Posted by Xiangrui Meng <me...@gmail.com>.
1. I meant in the n (1k) by m (10k) case, we need to broadcast k
centers and hence the total size is m * k. In 1.0, the driver needs to
send the current centers to each partition one by one. In the current
master, we use torrent to broadcast the centers to workers, which
should be much faster.

2. For MLlib algorithms, the number of partitions shouldn't be much
larger than the number of CPU cores. Your setting looks good.

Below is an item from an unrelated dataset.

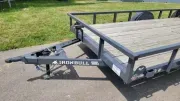 new Utility Trailers Iron Bull  for sale, in Dayton, OH Thumbnail 2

3. You can use the hashing trick to limit the number of features, or
remove low-frequency and high-frequency words from the dictionary.

Best,
Xiangrui

On Mon, Jul 28, 2014 at 12:55 PM, durin <ma...@simon-schaefer.net> wrote:
> Hi Xiangru,
>
> thanks for the explanation.
>
> 1. You said we have to broadcast m * k centers (with m = number of rows). I
> thought there were only k centers at each time, which would the have size of
> n * k and needed to be broadcasted. Is that I typo or did I understand
> something wrong?
> And the collection of the average is partition-wise. So more partitions =
> more overhead, but basically same number of operations?
>
> 2. I have 5 executors with 8 CPU cores and 25G of memory each, and I usually
> split the input RDD into 80 partitions for a few Gigs of input data. Is
> there a rule of thumb for the number of partitions in relation to the input
> size?
>
>
> 3. Assuming I wouldn't use numeric data but instead converted text data into
> a numeric representation using a dictionary and a featurization function:
> The number of columns would be the number of entries in my dictionary (i.e.
> number of distinct words in my case). I'd use a sparse vector representation
> of course. But even so, if I have a few hundred thousand entries and
> therefore columns, broadcasting overhead will get very large, as the centers
> are still in a dense representation.
> Do you know of any way to improve performance then?
>
>
> Best regards,
> Simon
>
>
>
> --
> View this message in context: http://apache-spark-user-list.1001560.n3.nabble.com/KMeans-expensiveness-of-large-vectors-tp10614p10804.html
> Sent from the Apache Spark User List mailing list archive at Nabble.com.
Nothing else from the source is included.